**Required work**:
Give the data below again exactly as written, but without the pictures.

**Supplied information**:
"""
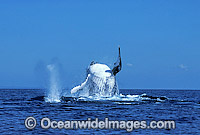 Humpback Whale breaching expelling air Photo - Mark Simmons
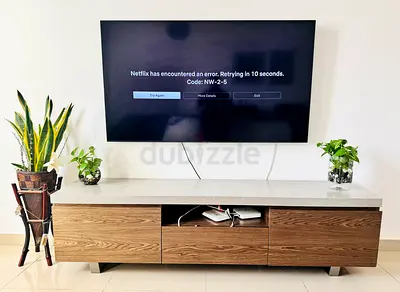 Samsung 65 Inch TV
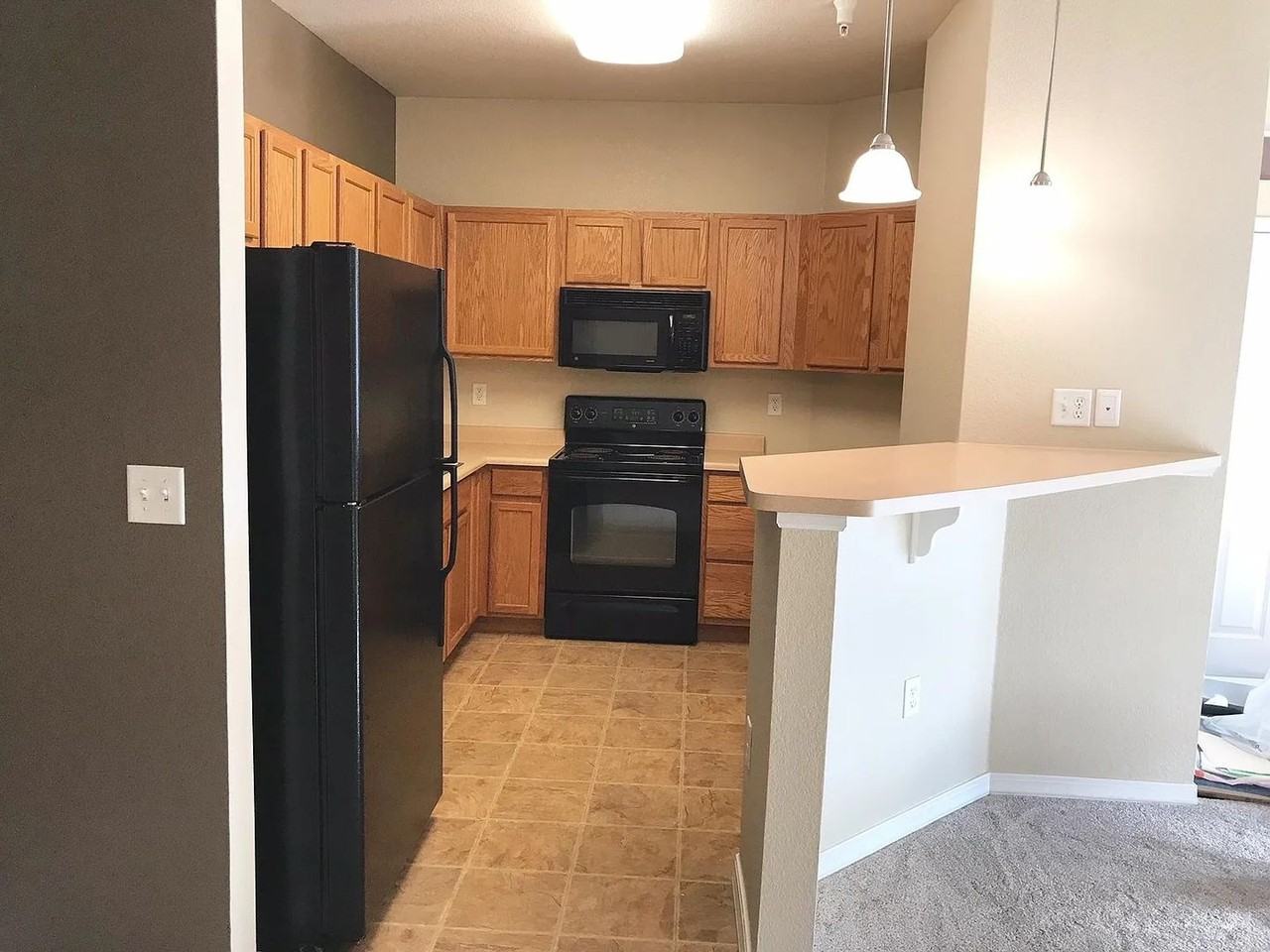 804 Summer Hawk Dr #1108 - Photo 4 of 18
"""
**Solved problem**:
 Humpback Whale breaching expelling air Photo - Mark Simmons
 Samsung 65 Inch TV
 804 Summer Hawk Dr #1108 - Photo 4 of 18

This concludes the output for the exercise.